Lots of useful content and references here, spread throughout. Also some informative diagrams to prompt discussion.
I did feel however the overall content of the book could have been written in 40 pages, a lot of repetition and use of academic language when a simpler conversation style would have sufficed. It led to cognitive overload which is ironic
This is a great book for people who want to create teams that deliver value. The authors define four types of teams that provide a different set of objectives. They also describe the communication between these teams making it very clear how each type of team operates in relation to each other. The punchy delivery and simple illustrations offer an easy to read resource that is also a great reference to help you establish the team structures needed to deliver value to your customers. I highly recommend this book for those who want to structure their organisation to deliver high value.
I thoroughly recommend this book to anyone involved in, or interested in, software development management or architecture (as the two are linked). Most of the general idea behind team topographies can be found on the website and other articles & talks the authors have given but this book dives a bit deeper and provides some good example of the team structures and relationships.
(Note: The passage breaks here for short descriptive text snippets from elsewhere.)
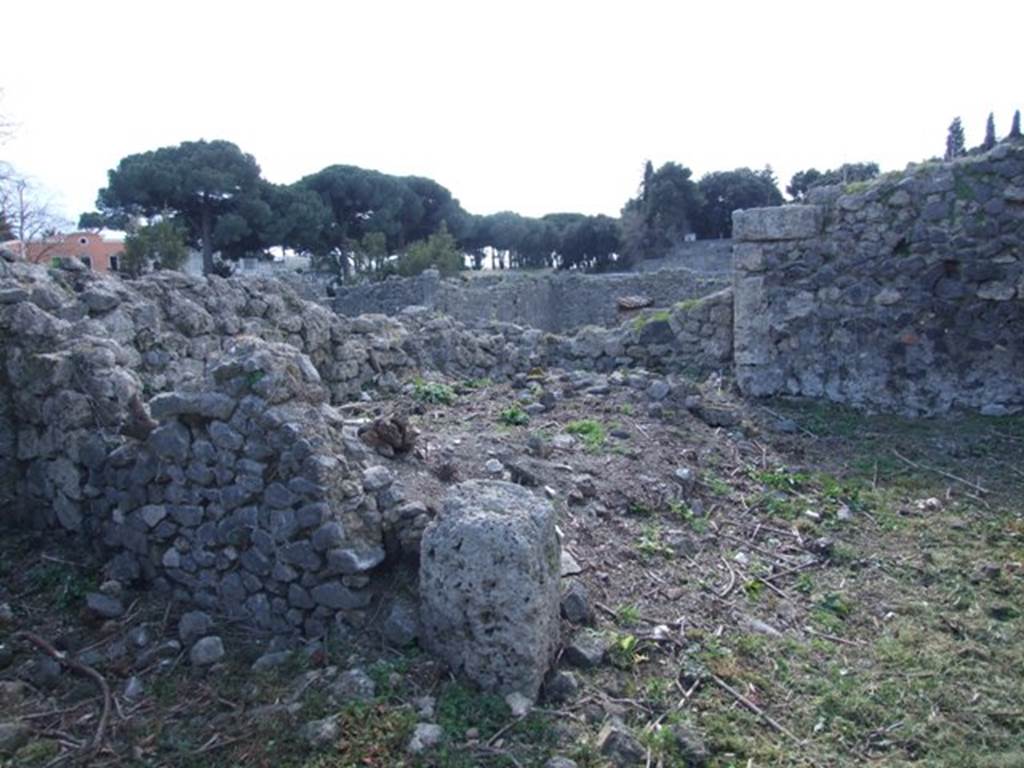 I.2.20 Pompeii.  March 2009. Site of staircase to upper floor, and two small rear rooms in south west corner of garden area.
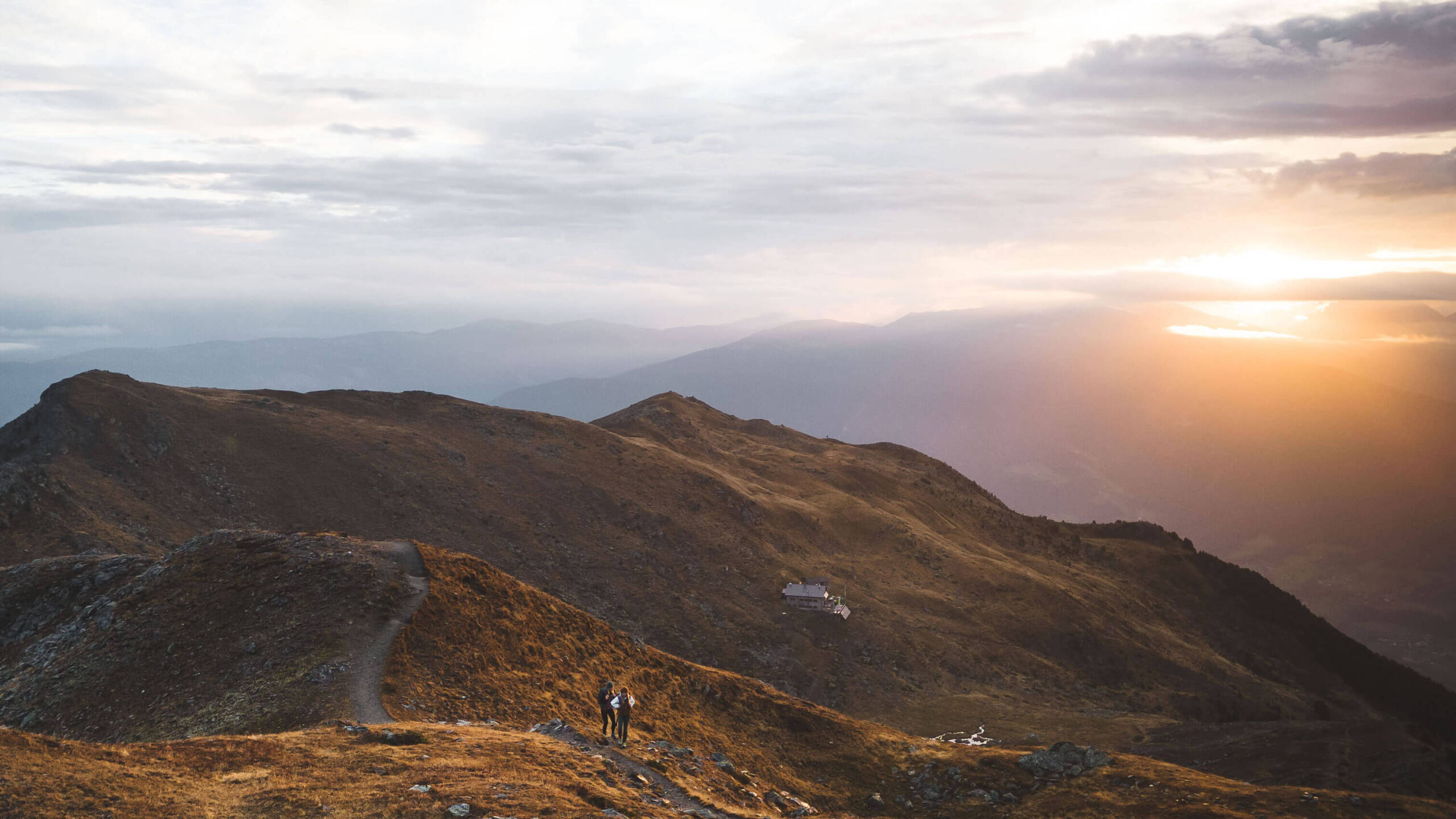 Zwei Wanderer stehen bei Sonnenuntergang auf einem Bergpfad und blicken auf sanfte Hügel und einen fernen, leuchtenden Horizont. - Egger Apartments & Suites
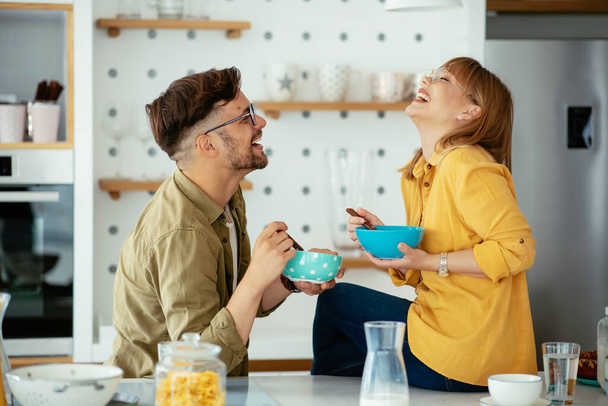 Genç çift evde kahvaltı hazırlıyor. Sevgi dolu çift mutfakta mısır gevreği yiyor.. - Fotoğraf, Görsel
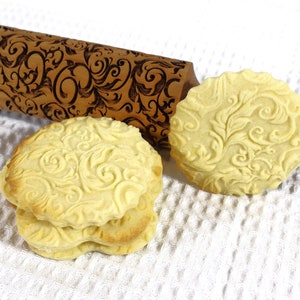 Könnte beinhalten: Ein Holz-Nudelholz mit einem dekorativen Blumenmuster ist mit zwei Keksen abgebildet, die mit dem Nudelholz gerollt wurden. Die Kekse sind hellgelb und haben ein erhabenes Blumenmuster.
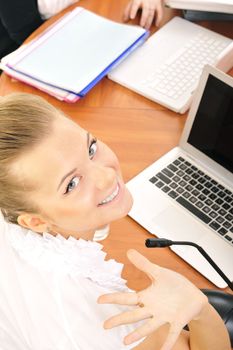  young businesswoman in office with laptop
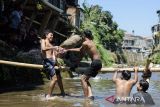 Warga bertanding lomba kerakyatan gebuk bantal di aliran sungai Cikapundung, Bandung, Jawa Barat, Minggu (18/8/2024). Warga kawasan bantaran sungai tersebut memanfaatkan aliran sungai dangkal untuk melaksanakan lomba dalam rangka memeriahkan peringatan HUT Ke-79 Republik Indonesia. ANTARA FOTO/Novrian Arbi/agr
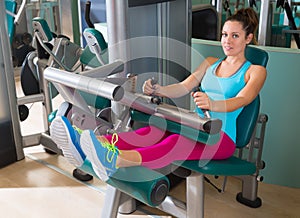 Gym seated leg curl machine exercise woman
I ended up highlighting about a quarter of the book for future reference.
Wow. It's the year 2020 and books that elaborate on the importance of teams and thoughtful team design are still ranked high on Amazon. I am in software dev for nearly two decades and during that time there were some seminar books of processes and Teams. I think of Cockburn, Tom de Marco, Nygard and Kent Beck. Those books were thin and still crammed with ground-breaking well formulated ideas.
Many trustworthy people recommended this book to me and am totally disappointed how few ideas I could digest from it. It's full of repetition, lenghty convoluted sentences with many buzzwords and little meaning.
The images and diagrams are colorful. And that's the most positive I can say. Chaotic. Confusing. Vague. I am a single reader, but I tell you. "This is not a book you need to read." The topic is important but you will not learn enough from it. Go find it elsewhere.
This book has given words to some team problems I have seen over several years, along with ways to fix problems. Essential reading for managers, stressed out devs and anyone who wants to make software delivery flow better.